TRY IT:
Make an exact copy of the records, leaving out the images.

(Captioned web image data)

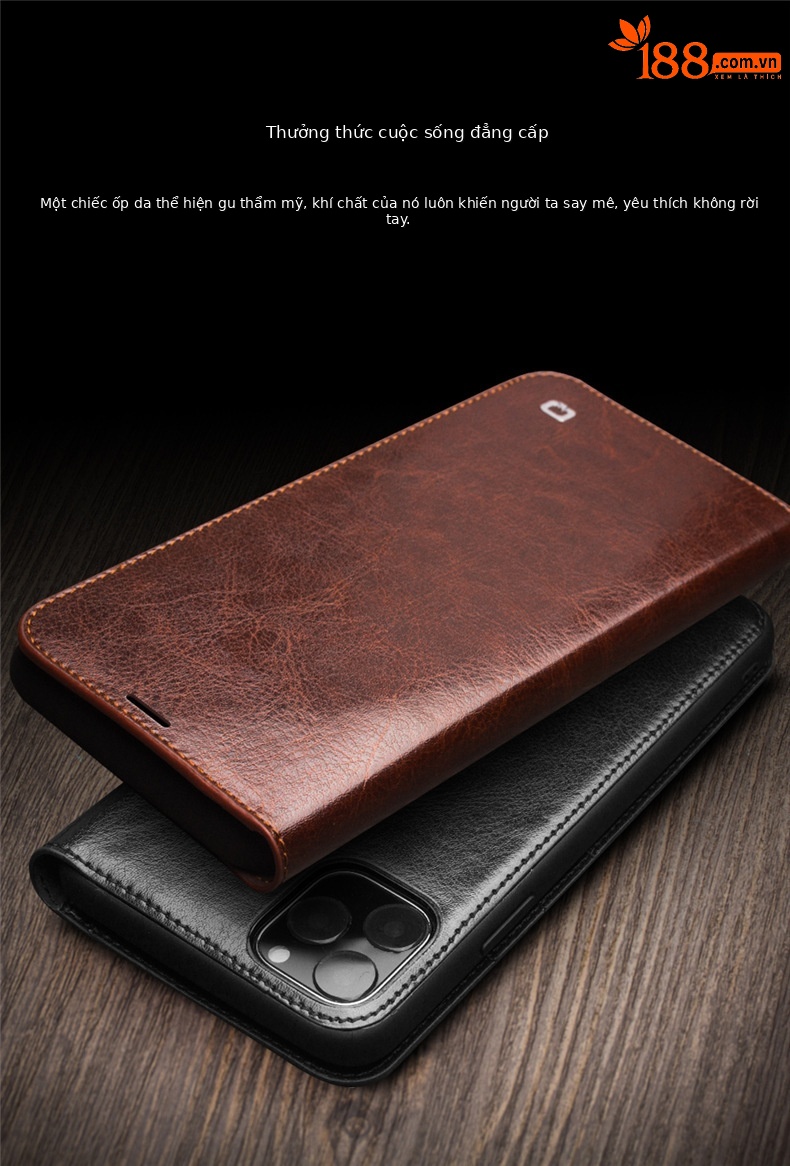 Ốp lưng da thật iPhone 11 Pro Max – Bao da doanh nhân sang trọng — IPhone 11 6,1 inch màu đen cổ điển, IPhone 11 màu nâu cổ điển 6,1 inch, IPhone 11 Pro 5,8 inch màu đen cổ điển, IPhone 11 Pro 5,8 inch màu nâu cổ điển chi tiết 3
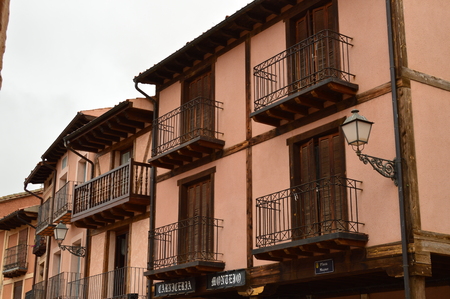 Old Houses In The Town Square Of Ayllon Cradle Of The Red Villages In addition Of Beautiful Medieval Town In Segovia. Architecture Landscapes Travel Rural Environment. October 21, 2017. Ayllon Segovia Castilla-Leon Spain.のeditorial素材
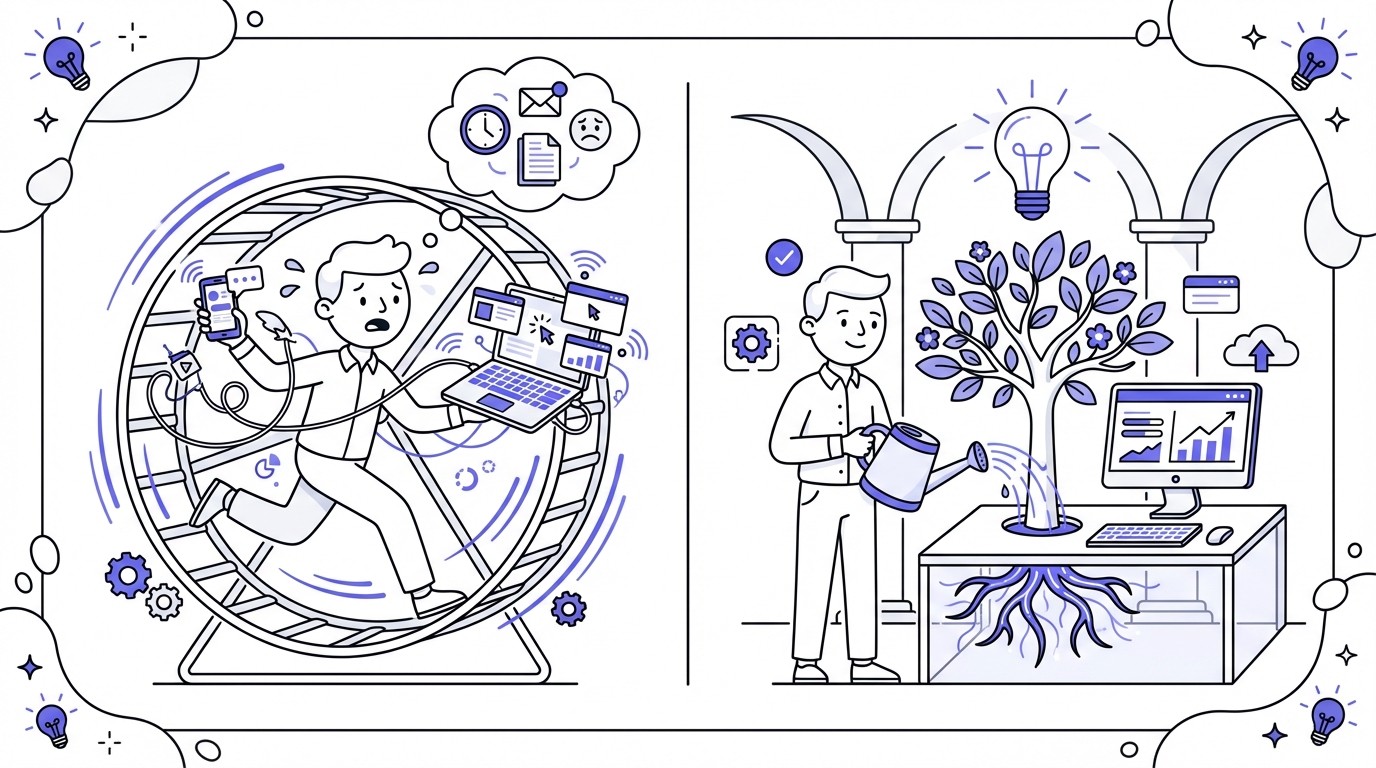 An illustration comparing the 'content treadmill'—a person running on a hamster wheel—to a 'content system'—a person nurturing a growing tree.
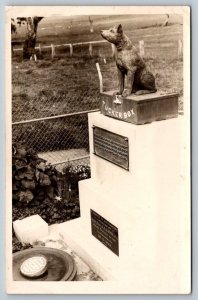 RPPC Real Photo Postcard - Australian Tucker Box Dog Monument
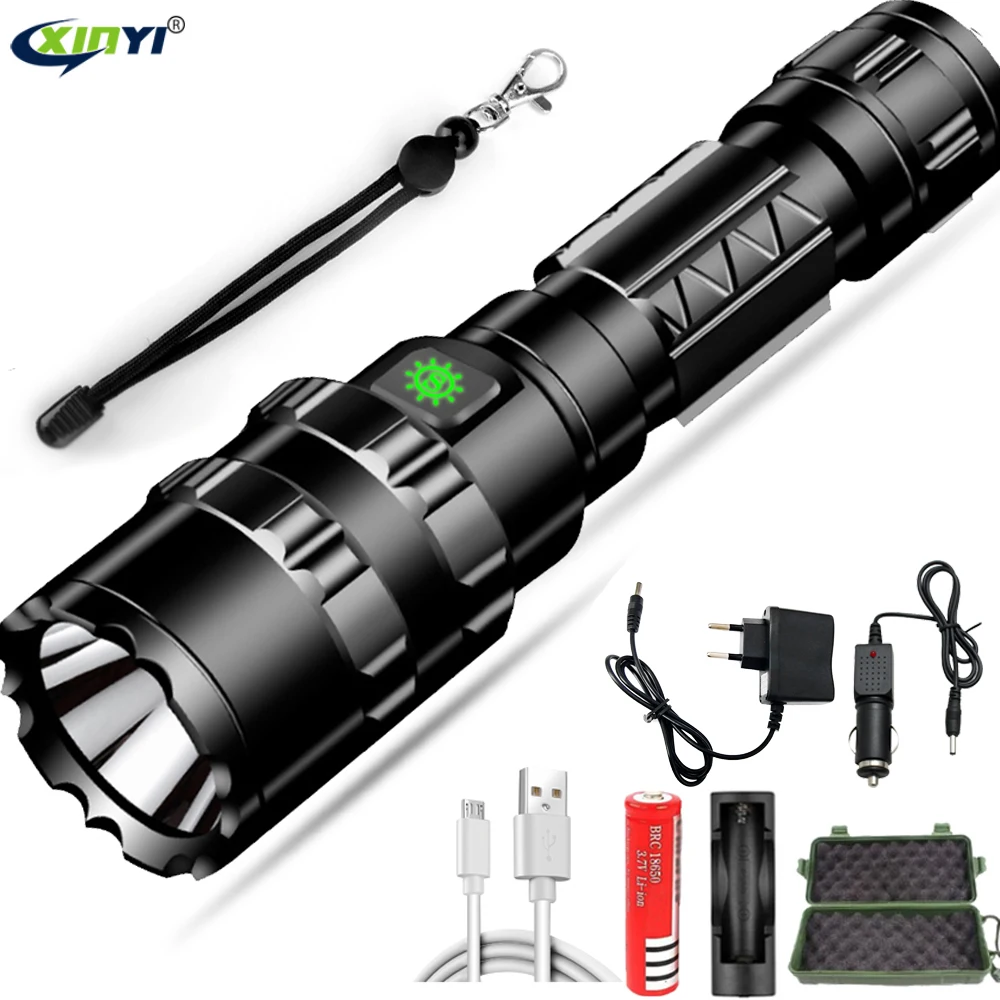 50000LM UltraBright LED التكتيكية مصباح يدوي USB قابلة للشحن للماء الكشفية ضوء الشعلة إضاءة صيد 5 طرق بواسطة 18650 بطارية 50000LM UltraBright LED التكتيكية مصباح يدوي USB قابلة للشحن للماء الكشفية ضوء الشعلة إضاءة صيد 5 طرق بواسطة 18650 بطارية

EXERCISE ANSWER:
 Ốp lưng da thật iPhone 11 Pro Max – Bao da doanh nhân sang trọng — IPhone 11 6,1 inch màu đen cổ điển, IPhone 11 màu nâu cổ điển 6,1 inch, IPhone 11 Pro 5,8 inch màu đen cổ điển, IPhone 11 Pro 5,8 inch màu nâu cổ điển chi tiết 3
 Old Houses In The Town Square Of Ayllon Cradle Of The Red Villages In addition Of Beautiful Medieval Town In Segovia. Architecture Landscapes Travel Rural Environment. October 21, 2017. Ayllon Segovia Castilla-Leon Spain.のeditorial素材
 An illustration comparing the 'content treadmill'—a person running on a hamster wheel—to a 'content system'—a person nurturing a growing tree.
 RPPC Real Photo Postcard - Australian Tucker Box Dog Monument
 50000LM UltraBright LED التكتيكية مصباح يدوي USB قابلة للشحن للماء الكشفية ضوء الشعلة إضاءة صيد 5 طرق بواسطة 18650 بطارية 50000LM UltraBright LED التكتيكية مصباح يدوي USB قابلة للشحن للماء الكشفية ضوء الشعلة إضاءة صيد 5 طرق بواسطة 18650 بطارية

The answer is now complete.